Lest anyone miss it, here is a gem from Grasshopper that was hiding in the comments:
Jonah was a prophet, swallowed by a whale.
When he was on board, the ship just couldn’t sail.
So they tossed him over, next thing that he knew,
Nineveh repented, Jonah had to, too.
Swallow the prophet, swallow the prophet, swallow the prophet, won’t get away;
Swallow the prophet, swallow the prophet, swallow the prophet; he’ll find the way.
I hereby nominate this song and Kaimi’s “Put Potatoes with the Veal” (which I can’t find; what thread was it in, Kaimi??) as the inaugural entries in the Times and Seasons Satirical Song contest. Entries must fit with a hymn tune or Primary song from the LDS canon. Prizes will be awarded on the entirely rational and objective criterion of how much Diet Coke I splurt through my nose while reading the entries. Entries which cause lightning to strike my computer will be disqualified.

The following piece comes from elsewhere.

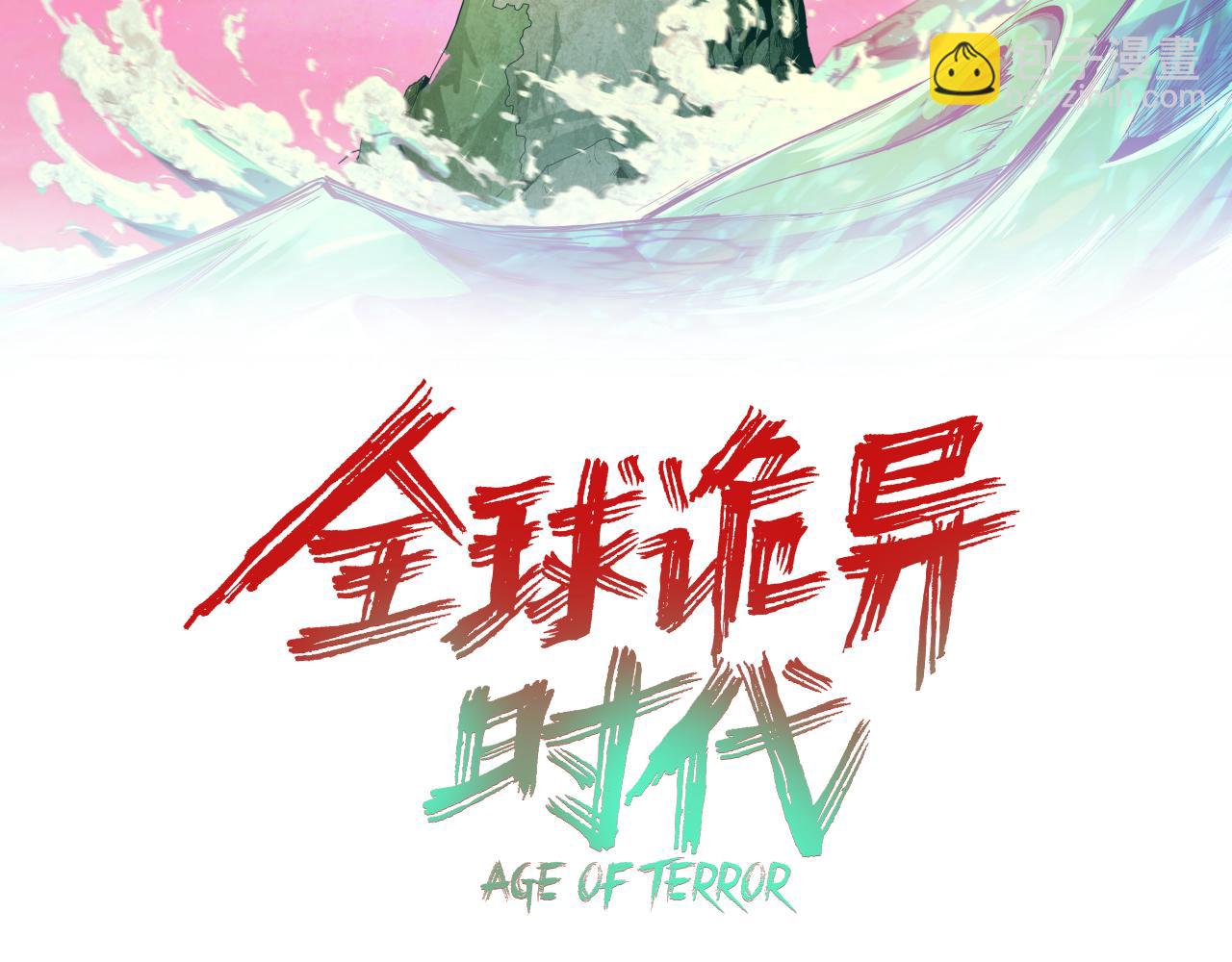 🍛全球诡异时代 第373话 云梦篇-云梦神战开始！ 第3页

I like a rousing rendition of “Eensy Weensy Spider” set to the hymn “god of our fathers.” That hymn has the coolest chord in the whole hymnbook.
I like a rousing rendition of “Eensy Weensy Spider” set to the hymn “god of our fathers.” That hymn has the coolest chord in the whole hymnbook.
Put Potatoes With the Veal is in the Grammar of Inequity thread, at http://timesandseasons.org/archives/000438.html#004315 .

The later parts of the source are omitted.